Thanks for the shout out (for my Atlantic piece) on your blog, which I just read. Given that it was so positive in tone about my article overall, I hate to complain. But given that you focused disproportionately on one small statement, which you called “bizarre,” I did want to explain myself.
I don't pretend to know the ins and outs of this bill as well as you, Jonathan Cohn and Paul Starr, all of whose opinions I rely on. In fact, even before seeing your post, I had an exchange with Starr that made me think twice about my wording in the Atlantic piece. So I do believe it will be more significant than Kennedy-Kassebaum, and you all have persuaded me that in my Atlantic piece I understate what the bill (if it’s passed) will achieve.
Here’s what I was thinking. First, that was a small piece of my article, and while I’m responsible for what I wrote, I didn’t imagine so much would be made of it.
Second, I wrote the piece at a time when the bill was being systematically eviscerated as it proceeded toward passage. Under those conditions, I was feeling pretty negatively disposed toward the tatters that remained. Now, although I’m still disappointed with some of the compromises made, I’m feeling more positive about the bill—and will feel more upset if it doesn’t pass. (This may be an argument for online journalism over old-style print journalism with long publication lead times.)

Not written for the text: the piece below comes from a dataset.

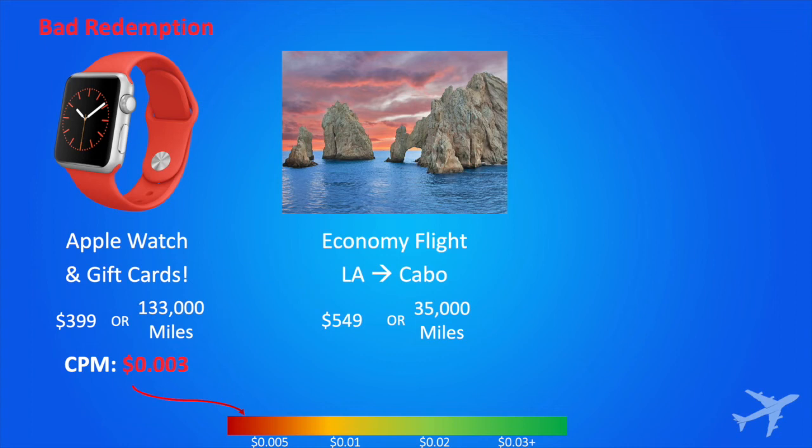Looking at this flight from LA to Cabo: $549 or 35,000 miles. Survey says 1.5 cents per mile. That's a decent redemption.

Third, there’s been relatively little attention paid to the ways that those of us who are insured will continue to suffer at the hands of impenetrable policies, insurance company employees who deny and delay reimbursements, red tape, and other crazy aspects of our system. As noted by David Leonhardt of the Times, another commentator I respect and trust a lot, the plan “would not improve most people’s health care anytime soon.” His piece of August 26 is well worth reading. So in the end I don't think we'll look back on this bill as having been "transformational," in the way that Medicare was. Too much will stay the same.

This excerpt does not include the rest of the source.